▶ [Instructions for the task]: Every record below is to be retyped exactly, with any pictures left out.

▶ [Records from a collection]:
━━━━━━━━━━━━━━━━

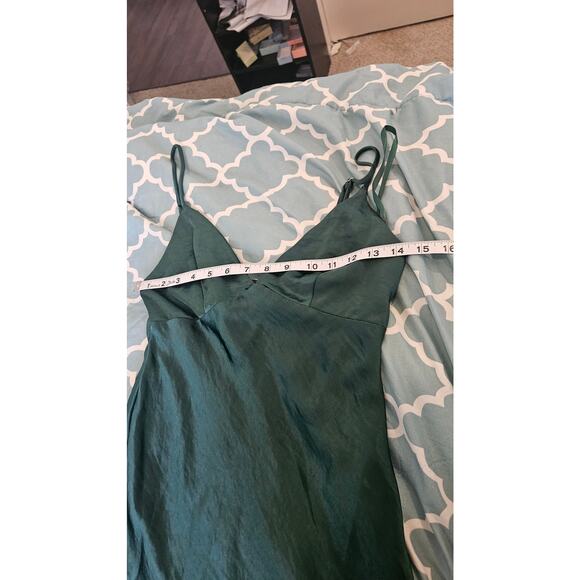 Saints + Secrets Size Small Green Sleeveless Thigh Length Slit Zip Closure Dress - Picture 7 of 10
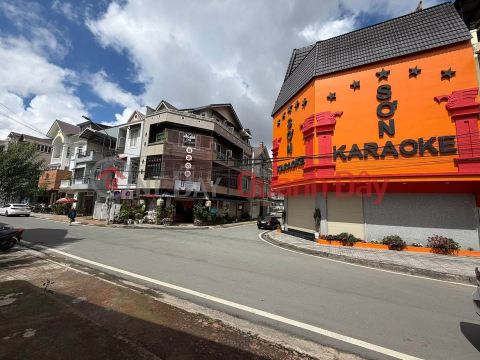 URGENTLY NEED MONEY FOR SALE - 2-FRONT HOUSE FOR BUSINESS, BEAUTIFUL LOCATION IN THE CENTER OF DA LAT _0
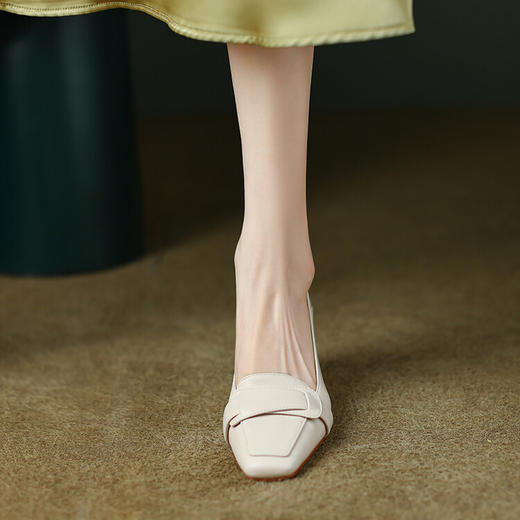 【预售5天】法式复古牛皮方头粗跟高跟鞋四季款优雅气质浅口中跟单鞋女WC&9613 商品图2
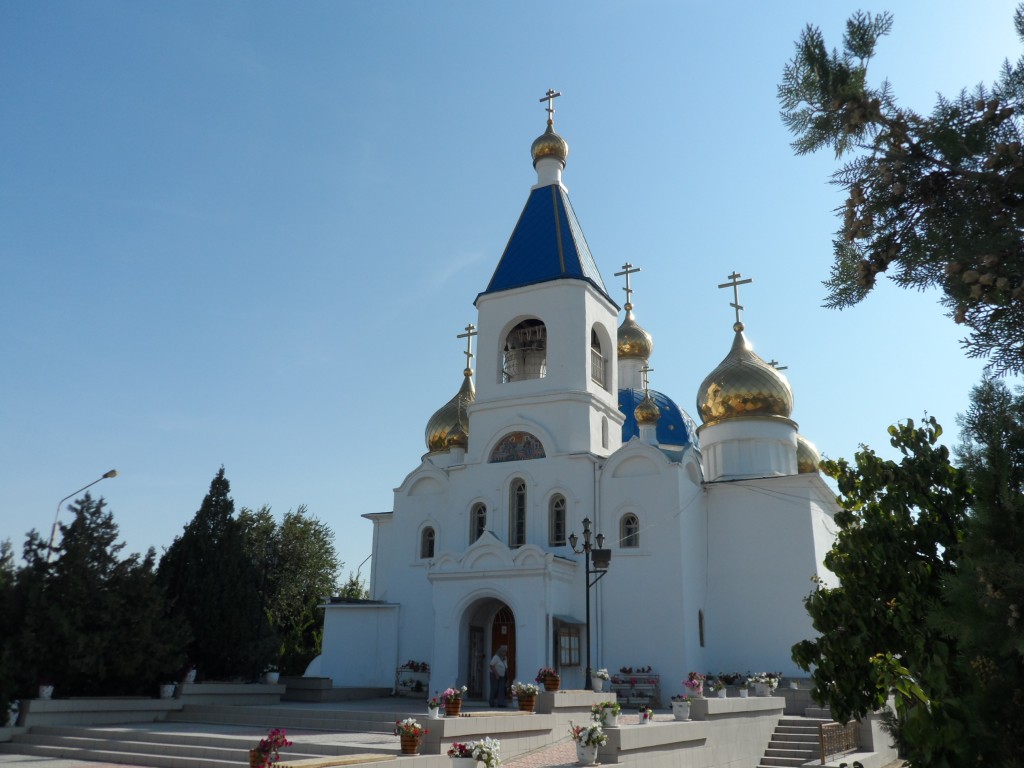 Актау. Церковь Благовещения Пресвятой Богородицы (новая). фасады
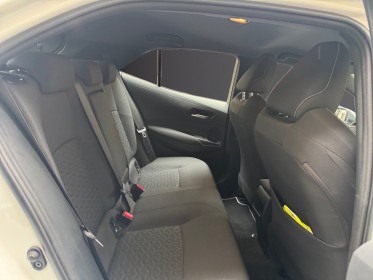 Toyota corolla hybride my21 122h dynamic occasion paris 15ème (75) simplicicar simplicibike france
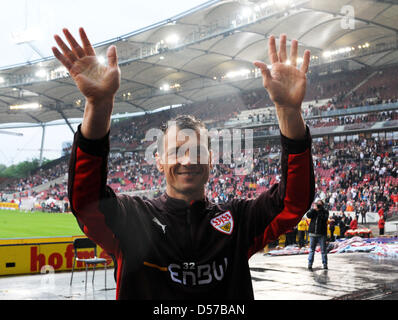 Stuttgarts Torwart feiert Jens Lehmann, ehemaliger Nationaltorwart von Deutschland, mit den Fans nach seinem letzten Heimspiel in Stuttgart, Deutschland, 1. Mai 2010. Lehmann beendet seine Karriere nach dieser Saison. Foto: Bernd Weissbrod Stockfoto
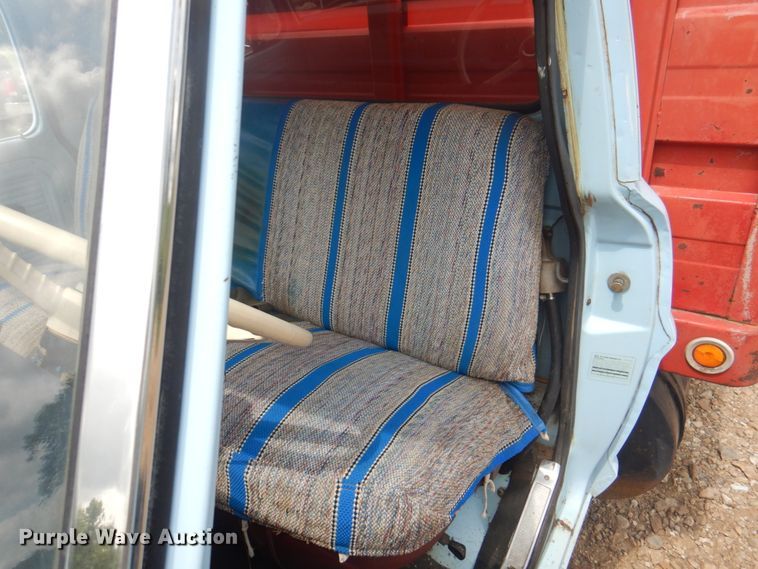 image for item KW9816 1972 Ford F700  grain truck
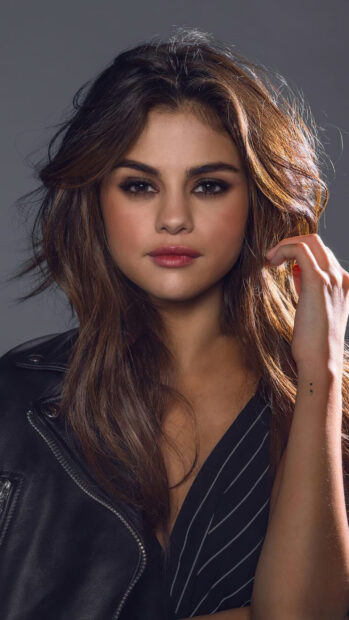 Selena Gomez wallpapers featuring a close up portrait with soft lighting, 2K Mobile Wallpaper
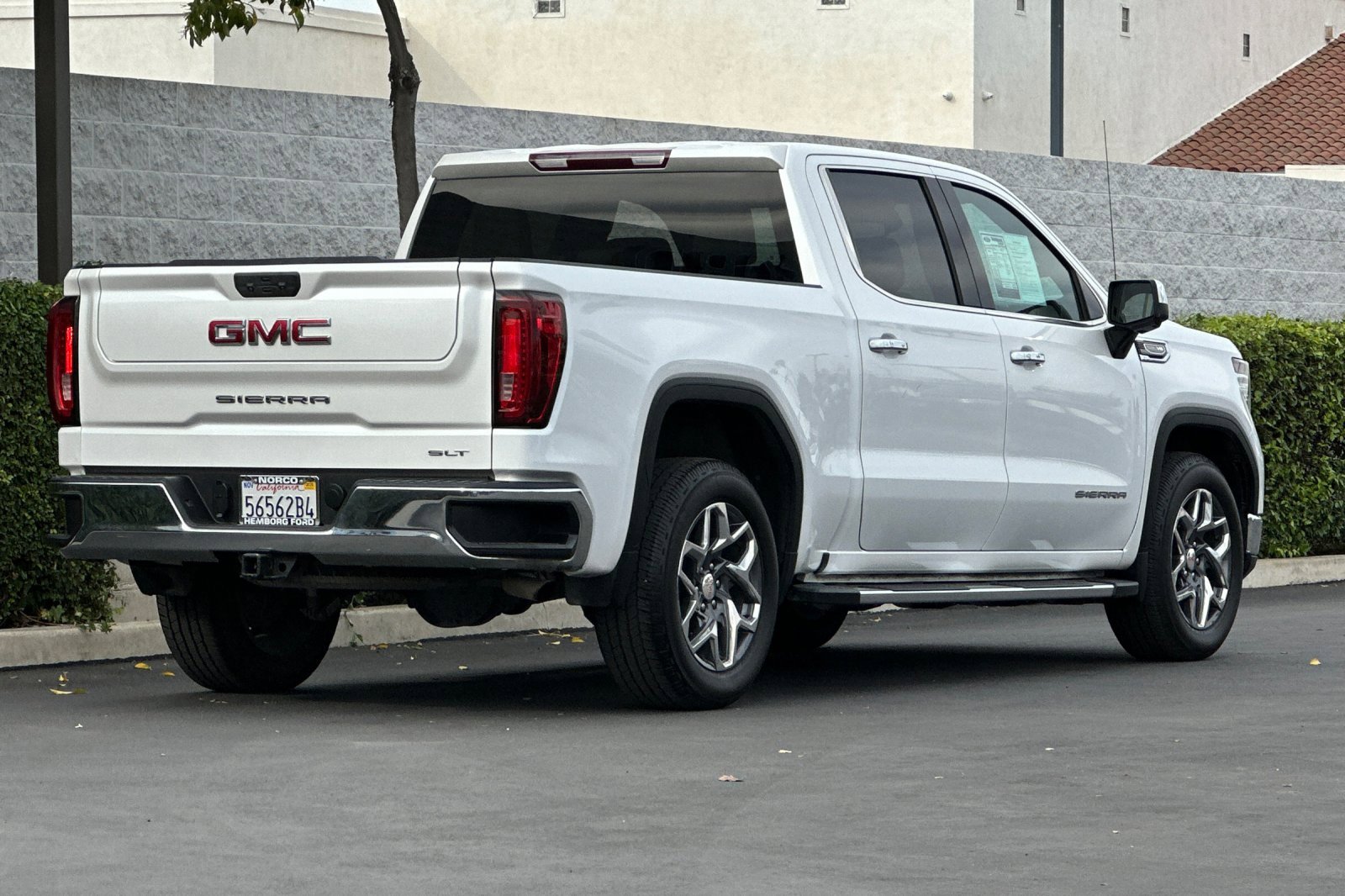 Used 2022 GMC Sierra 1500 SLT w/ SLT Convenience Package image 4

━━━━━━━━━━━━━━━━

▶ [Problem solution]:
 Saints + Secrets Size Small Green Sleeveless Thigh Length Slit Zip Closure Dress - Picture 7 of 10
 URGENTLY NEED MONEY FOR SALE - 2-FRONT HOUSE FOR BUSINESS, BEAUTIFUL LOCATION IN THE CENTER OF DA LAT _0
 【预售5天】法式复古牛皮方头粗跟高跟鞋四季款优雅气质浅口中跟单鞋女WC&9613 商品图2
 Актау. Церковь Благовещения Пресвятой Богородицы (новая). фасады
 Toyota corolla hybride my21 122h dynamic occasion paris 15ème (75) simplicicar simplicibike france
 Stuttgarts Torwart feiert Jens Lehmann, ehemaliger Nationaltorwart von Deutschland, mit den Fans nach seinem letzten Heimspiel in Stuttgart, Deutschland, 1. Mai 2010. Lehmann beendet seine Karriere nach dieser Saison. Foto: Bernd Weissbrod Stockfoto
 image for item KW9816 1972 Ford F700  grain truck
 Selena Gomez wallpapers featuring a close up portrait with soft lighting, 2K Mobile Wallpaper
 Used 2022 GMC Sierra 1500 SLT w/ SLT Convenience Package image 4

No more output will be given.